Damjan Krstevski

Kozuv
- Position: Shooting guard
- League: Macedonian First League

Personal information
- Born: June 30, 1999 (age 27) Skopje, Macedonia
- Listed height: 1.93 m (6 ft 4 in)

Career information
- Playing career: 2017–present

Career history
- 2017–2019: Rabotnički
- 2019–2022: Vardar
- 2022–2024: TFT
- 2024–2026: Pelister
- 2026–present: Kožuv

Career highlights
- Macedonian League champion (2018);

= Damjan Krstevski =

Macedonian basketball player

Damjan Krstevski, Дамјан Крстевски (born June 30, 1999) is a Macedonian professional basketball Shooting guard, who currently plays for Kožuv in the Macedonian First League.

== Professional career ==
He started his career in Rabotnički.

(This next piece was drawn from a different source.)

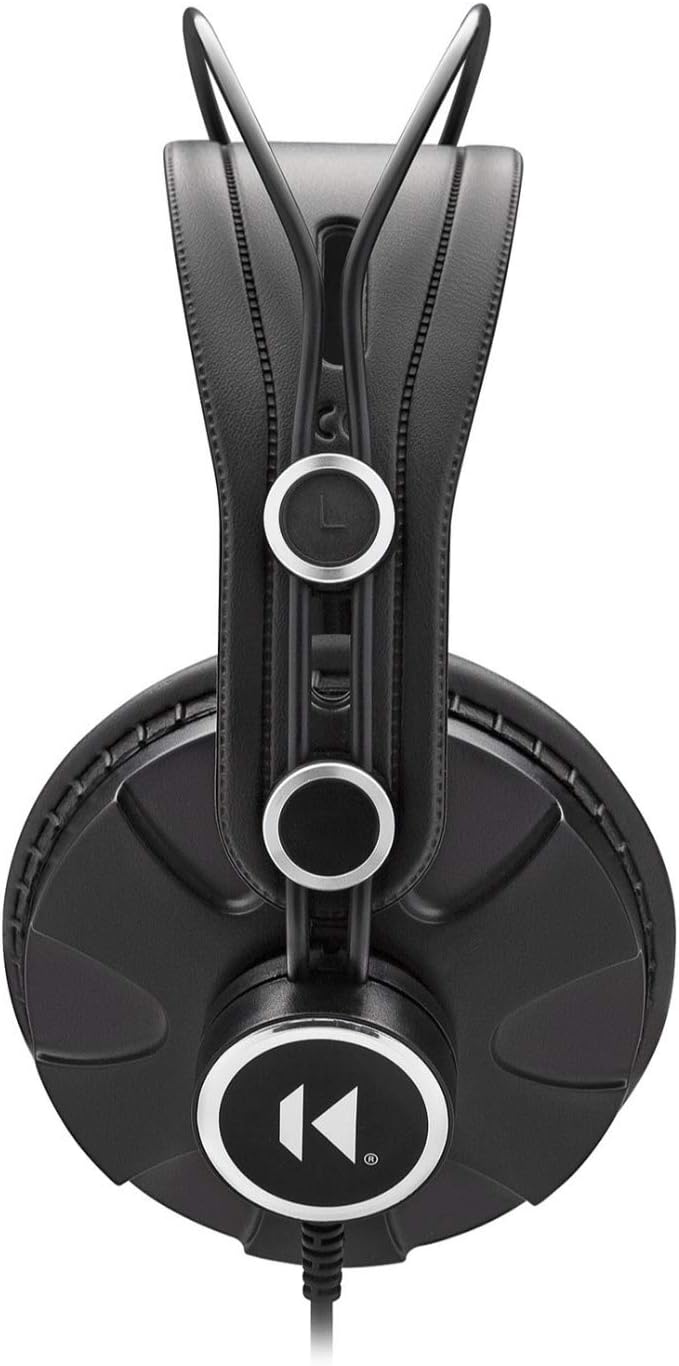 Studio Monitors (Pair) with Headphones, Isolation Pads and Breakout Cable B9178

On his debut for the club, he achieved 9 points, 2 assists and 2 rebounds in an 85–103 win over the Shkupi.

== Junior ABA League ==
On November 24, 2017, he was loaned to MZT Skopje U19 for the semi-final tournament in Belgrade. He made his debut for the MZT Skopje in their season opener scoring 27 points, seven rebounds, one assist and five steals in an 86–82 win over the Mornar Bar U19.